Le département d'Etat américain a de son côté indiqué qu'elle n'aurait jamais dû être emprisonnée.
Joe Biden s'était engagé pendant sa campagne à faire de l'Arabie saoudite un Etat "paria" en raison de ses atteintes aux droits humains, sur lesquelles son prédécesseur Donald Trump avait largement fermé les yeux.
Le royaume, où des centaines de militants mais aussi des religieux et des membres de la famille royale sont en prison, a accéléré les procédures judiciaires -- dont le procès de Loujain al-Hathloul -- après l'élection de M. Biden en novembre 2020.
La militante a été condamnée fin décembre à cinq ans et huit mois de prison en vertu d'une loi "antiterroriste", peine assortie d'un sursis qui la rendait libérable rapidement.
Elle reste toutefois en liberté conditionnelle pour trois ans et ne peut quitter l'Arabie saoudite pendant cinq ans, selon ses proches, qui ont dénoncé un procès "bidon" et "politique".
Les parents de Loujain al-Hathloul sont eux aussi visés par l'interdiction de voyage, selon sa famille.
- "Toujours pas libre" -
"Loujain n'est toujours pas libre", a martelé sa soeur Lina al-Hathloul.

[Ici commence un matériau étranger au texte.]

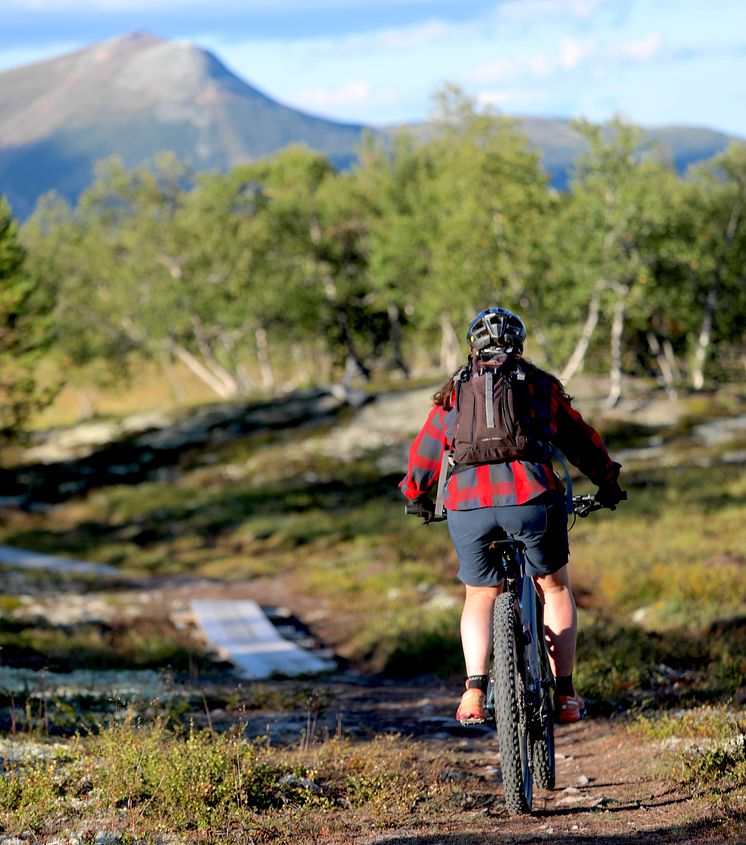 Stigcykling i Lofsdalen på Stenrutsleden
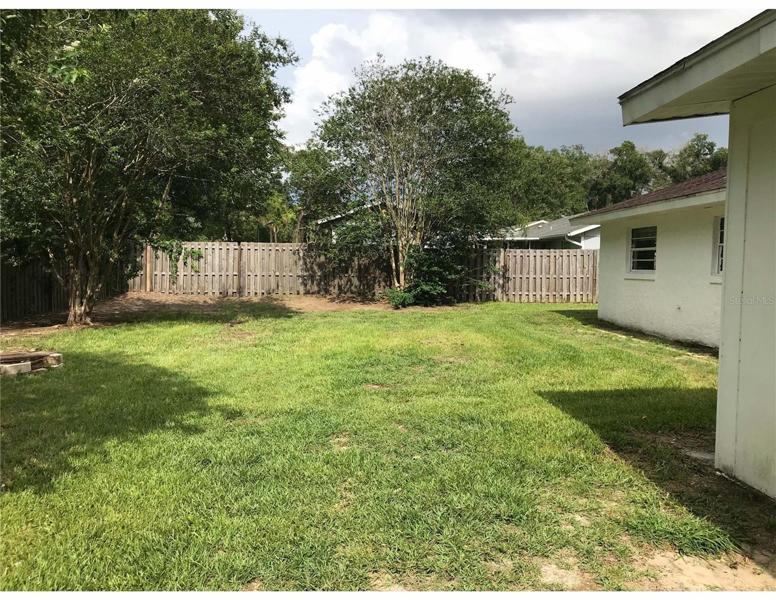 Backyard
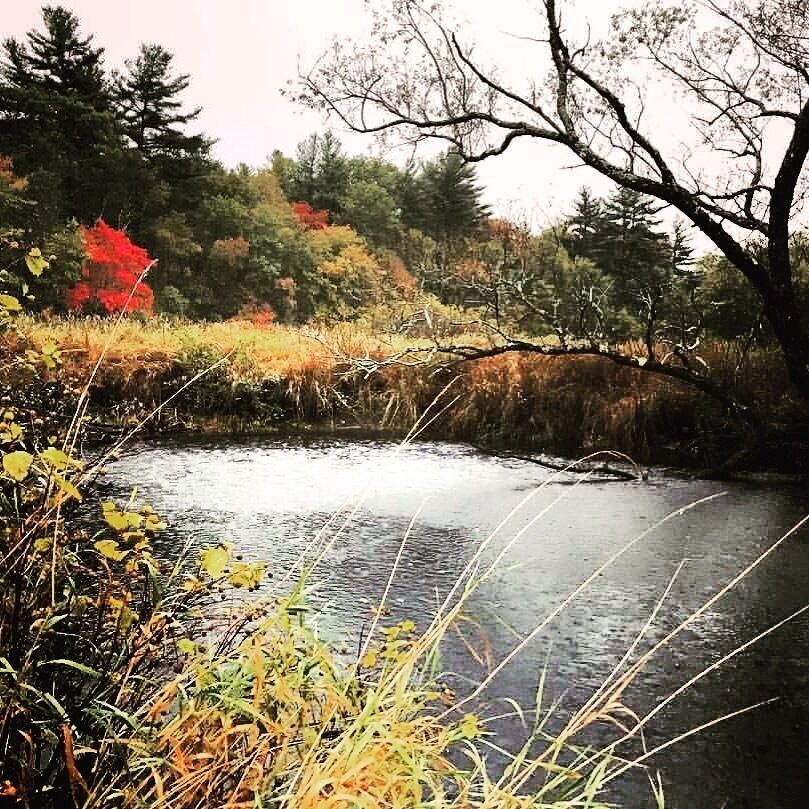My favorite fishing hole brushed with fall colors. Having Meadow Brook in my back yard is a outdoorsman's dream.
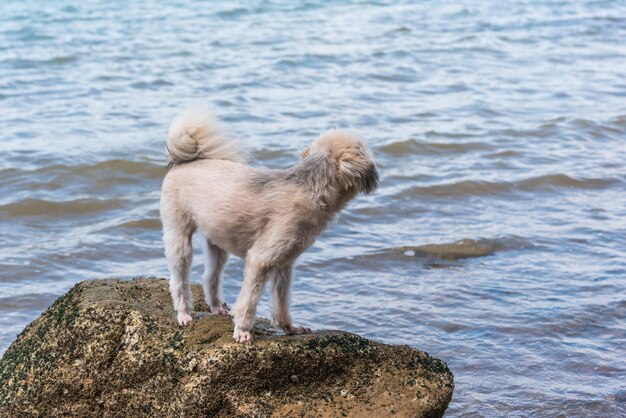 Pies tak ładny beżowy kolor mieszanej rasy z Shih-Tzu, Pomorskim i Pudlem na kamienistej plaży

Cela pourrait limiter sa capacité à donner des interviews ainsi que sa présence sur les réseaux sociaux.
"L'emprisonnement injustifié de Loujain al-Hathloul a pris fin mais elle n'est toujours pas libre (...) avec l'interdiction de voyager et le risque de retourner en prison si elle ne reste pas silencieuse, son supplice reste un échec flagrant de la justice", a déclaré Adam Coogle, directeur adjoint de Human Rights Watch pour le Moyen-Orient.

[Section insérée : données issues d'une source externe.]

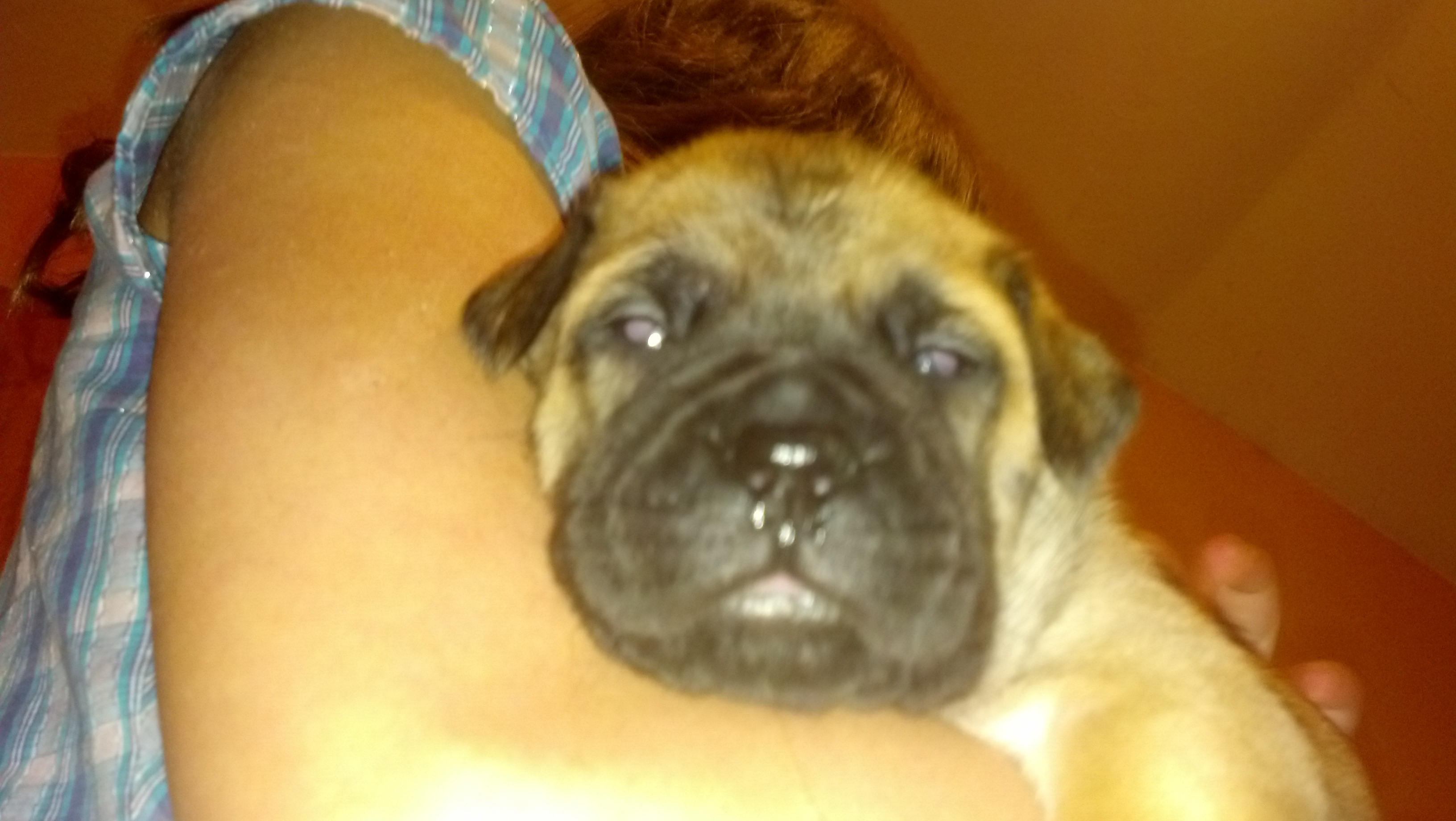 female bullmastiff puppies for sale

Sa famille, notamment ses deux soeurs qui vivent à l'étranger, a mené une campagne à l'international pour sa libération. Mercredi, Lina et Alia al-Hathloul ont posté sur Twitter une photo de leur soeur, libre, mais semblant physiquement affaiblie, avec une mèche de cheveux blancs.
La première chose que Loujain al-Hathloul a faite après sa libération a été "d'acheter une glace", a déclaré sa soeur Alia. Selon sa soeur Lina, son sourire lors de leur premier appel vidéo après sa libération était "incroyable".
"Nous lui avons demandé +Quand tu étais en prison, tu disais que tu allais bien+", a raconté Lina al-Hathloul, affirmant que sa soeur lui avait répondu en disant "Que voulais-tu que je fasse (...) J'avais un pistolet électrique sur l'oreille. Ils étaient prêts à m'électrocuter".
Selon sa famille, Loujain al-Hathloul a été torturée et a subi du harcèlement sexuel en détention, des allégations niées par les autorités, qui n'ont pas commenté sa libération.
Si certaines des militantes arrêtées au côté de Loujain al-Hathloul ont été provisoirement libérées, d'autres sont toujours emprisonnées sous des chefs d'accusation "opaques", selon des militants des droits humains.
Ces arrestations et la campagne pour la libération des militantes ont attiré l'attention sur le bilan en matière de droits humains de l'Arabie saoudite, monarchie absolue qui a fait l'objet de nombreuses critiques après le meurtre du journaliste saoudien critique du pouvoir Jamal Khashoggi au consulat du royaume à Istanbul en octobre 2018.